> Exercise aim:
From the material below, return exactly the lines starting at the one that holds "Психолог Анна Разумовская" and ending at the one that holds "В Бугульминском районе". Pictures stay out of the answer.

> Provided records:
────────────────
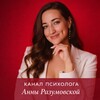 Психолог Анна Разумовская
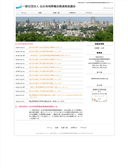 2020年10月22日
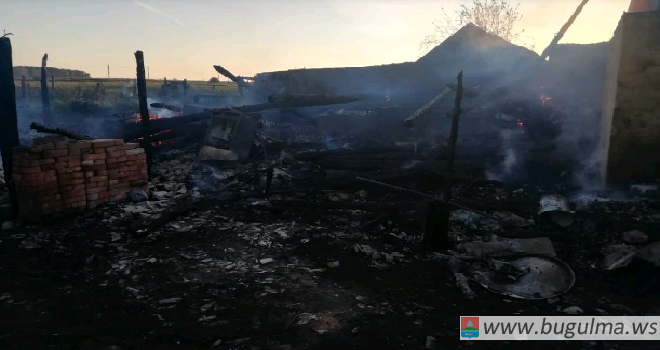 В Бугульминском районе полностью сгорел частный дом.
────────────────
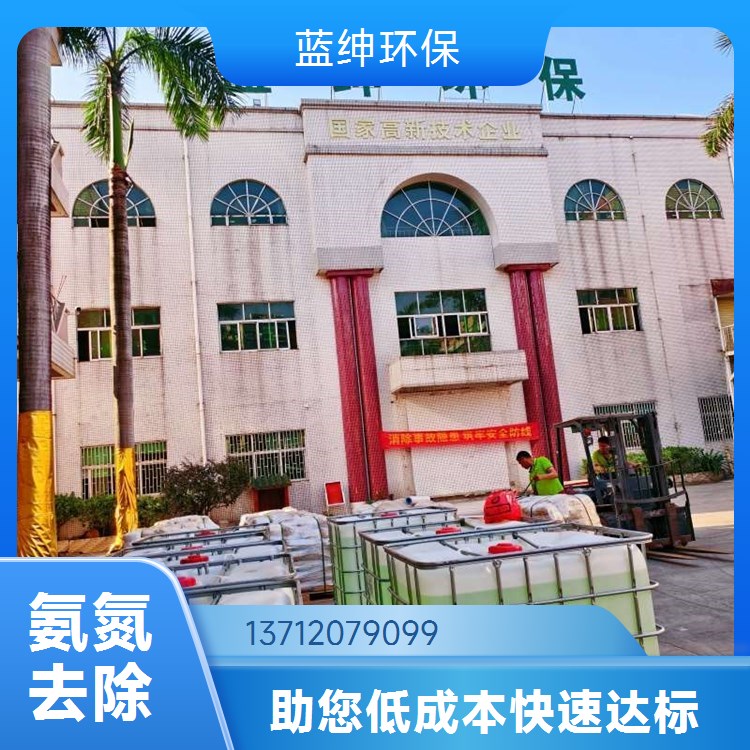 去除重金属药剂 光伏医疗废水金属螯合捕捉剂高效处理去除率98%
────────────────
> Your solution:
 Психолог Анна Разумовская
 2020年10月22日
 В Бугульминском районе полностью сгорел частный дом.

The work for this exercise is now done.